Background: Somatostatin analogues (SSAs) are first-line standard of care therapies for gastroenteropancreatic neuroendocrine tumors (GEP-NET), showing efficacy in tumor/symptom control with an established safety profile. Yet, disease progression may occur despite standard-dose SSA treatment, requiring more aggressive and toxic therapies. Retrospective/non-randomized data suggest higher-dose SSAs may benefit patients with GEP-NET who do not respond to standard-dose treatment and provide improved disease control. Octreotide depot (CAM2029) is a novel high-exposure, subcutaneous (SC) formulation. Clinical trials showed ~500% higher CAM2029 bioavailability vs octreotide long-acting release (LAR), and maintenance/reduction of NET symptoms. Prospective, randomized data are needed to confirm the efficacy/safety of novel SSAs with higher bioavailability such as CAM2029, vs standard-dose SSAs including octreotide LAR and lanreotide Autogel (ATG).

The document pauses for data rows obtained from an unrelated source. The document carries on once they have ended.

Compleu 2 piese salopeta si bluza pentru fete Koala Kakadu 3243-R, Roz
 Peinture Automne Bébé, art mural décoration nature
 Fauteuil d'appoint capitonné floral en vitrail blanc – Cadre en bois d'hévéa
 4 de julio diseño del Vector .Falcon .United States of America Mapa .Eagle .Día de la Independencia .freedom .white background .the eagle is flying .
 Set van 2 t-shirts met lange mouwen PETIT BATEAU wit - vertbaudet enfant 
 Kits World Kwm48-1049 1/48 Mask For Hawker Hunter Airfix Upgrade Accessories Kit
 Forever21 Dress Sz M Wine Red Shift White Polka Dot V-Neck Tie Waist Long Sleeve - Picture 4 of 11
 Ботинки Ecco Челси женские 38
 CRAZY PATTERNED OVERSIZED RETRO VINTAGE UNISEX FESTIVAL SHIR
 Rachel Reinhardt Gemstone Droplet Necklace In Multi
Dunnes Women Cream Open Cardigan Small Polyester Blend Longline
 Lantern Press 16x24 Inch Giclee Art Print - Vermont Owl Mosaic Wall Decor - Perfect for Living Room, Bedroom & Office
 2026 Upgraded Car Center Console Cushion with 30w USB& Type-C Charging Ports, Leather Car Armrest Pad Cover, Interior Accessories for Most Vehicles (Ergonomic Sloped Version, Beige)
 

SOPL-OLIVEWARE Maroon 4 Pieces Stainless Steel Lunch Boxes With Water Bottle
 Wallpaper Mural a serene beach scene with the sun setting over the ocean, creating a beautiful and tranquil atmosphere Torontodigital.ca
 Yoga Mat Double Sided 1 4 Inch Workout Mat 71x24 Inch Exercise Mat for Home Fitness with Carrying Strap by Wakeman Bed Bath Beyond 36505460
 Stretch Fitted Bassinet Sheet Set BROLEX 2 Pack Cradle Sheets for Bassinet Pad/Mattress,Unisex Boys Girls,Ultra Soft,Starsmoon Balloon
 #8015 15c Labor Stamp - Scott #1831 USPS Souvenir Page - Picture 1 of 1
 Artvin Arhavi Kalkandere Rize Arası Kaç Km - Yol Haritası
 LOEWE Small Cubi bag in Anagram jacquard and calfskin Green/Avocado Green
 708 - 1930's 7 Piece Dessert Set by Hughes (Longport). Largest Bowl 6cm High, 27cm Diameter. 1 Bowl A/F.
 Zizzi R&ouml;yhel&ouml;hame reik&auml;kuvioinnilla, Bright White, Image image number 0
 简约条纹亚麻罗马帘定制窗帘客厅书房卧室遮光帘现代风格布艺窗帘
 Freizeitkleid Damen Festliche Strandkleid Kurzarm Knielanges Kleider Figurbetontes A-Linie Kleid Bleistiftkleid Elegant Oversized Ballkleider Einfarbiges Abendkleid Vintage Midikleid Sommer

Methods: SORENTO is a randomized, multi-center, open-label, active-controlled Phase 3 trial, aiming to enroll 302 adults with GEP-NET. Key eligibility criteria: advanced, well-differentiated NET of GEP/presumed GEP origin; ≥1 measurable SR positive (by nuclear imaging) lesion according to RECIST 1.1; no or <6 months consecutive treatment with long-acting SSAs. Notably, patients with Grade 3 GEP-NET (excluded by CLARINET/PROMID trials) are eligible. Patients will be randomized 1:1 to CAM2029 20mg Q2W, or active comparator (octreotide LAR 30mg intramuscular or lanreotide ATG 120mg SC, Q4W). CAM2029 self/carer administration is allowed after ≥3 successful supervised administrations. Randomization stratified by: histological grade, tumor origin, intended comparator. Primary outcome: progression free survival (PFS; time from randomization to date of first documented disease progression [RECIST 1.1] or death), assessed by a Blinded Independent Review Committee. The study is powered to detect a hazard ratio of 0.65. Key secondary outcomes: overall survival; response rate; rescue medication use; patient satisfaction; adverse events. After primary PFS analysis, patient overall survival will be followed for up to 2 years. If CAM2029 displays superiority in the primary analysis, the comparator group may switch to CAM2029 20mg Q2W. Patients in any treatment group experiencing progressive disease in the randomized part of the study may proceed to an open-label extension with intensified CAM2029 treatment, to investigate effects of higher frequency dosing. First patient randomized in Nov-2021, with readout (following 194 events) expected by 2024 end. This novel head-to-head superiority trial is anticipated to demonstrate the potential benefits of CAM2029 as a first line-therapy in patients with well-differentiated GEP-NET.

Results: Patient enrollment began Nov-2021; readout expected by end of 2024.

Conclusion: Trial in progress. ClinicalTrials.gov: NCT05050942.